Conformément à la convention, des petits yards adaptés furent acquis à Denver, Co. , ainsi qu'à Buffalo, NY, pour servir de terminus à la ligne continentale est-ouest. Par un habile mélange de voies propres existantes ou nouvellement construites ainsi que la location de ''Trackage Rights'' la distance d'environ 1520 mile pouvait être franchie de façon économiquement judicieuse et profitable en circulation main-line.
De ces deux noeuds ferroviaires centraux le transport dans la profondeur de chaque région est reprit par les sociétés participantes soit par des axes propres au FBL, soit par des axes loués. Le choix des deux centres, Denver et Buffalo, permis en outre aux FBL d'offrir aux autres sociétés en cas de goulot d'étranglement des relations supplémentaires dites ''bridge-traffic'' à des taux favorables permettant en même temps une optimisation du potentiel des locomotives des FBL.

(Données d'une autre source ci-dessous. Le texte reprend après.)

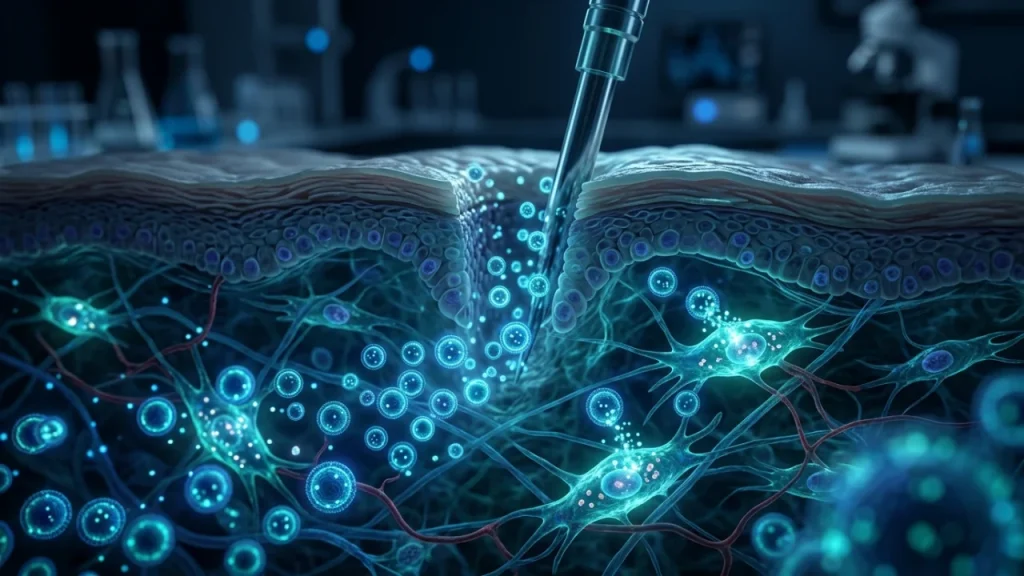 Exosomes After Microneedling: Enhancing Healing and Skin Restoration
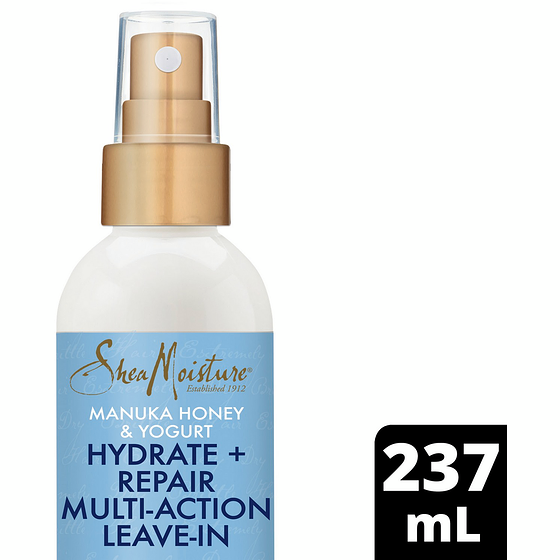 Shea Moisture Hydrate + Repair Multi-Action Leave-In Hair Treatment Conditioner 237 ml, $6.32/100ml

A partir de Denver, Co., le triage s'effectue vers les railroads agissant plus loin vers l'ouest vers San Francisco et au sud ouest vers L.A., tout comme la continuité vers le nord-est via Salt Lake City, direction Portland et Seattle
A l'est, Buffalo, NY, ( après Chicago le deuxième noeud ferroviaire des Etats-Unis ) assure les liaisons dans toutes les directions vers l'est comme Boston, New York, Philadelphia, Baltimore ou Norfolk, tout comme vers Montreal et Toronto, au Canada et vers le sud via Atlanta et Jacksonville. jusqu'à Miami.
Le slogan ''Connecting America'' choisi à Aspen, Co., se trouvait déjà en grande partie réalisé!
Souhaitons aux FREMO BELT LINES chance et succès sur la route de l'avenir.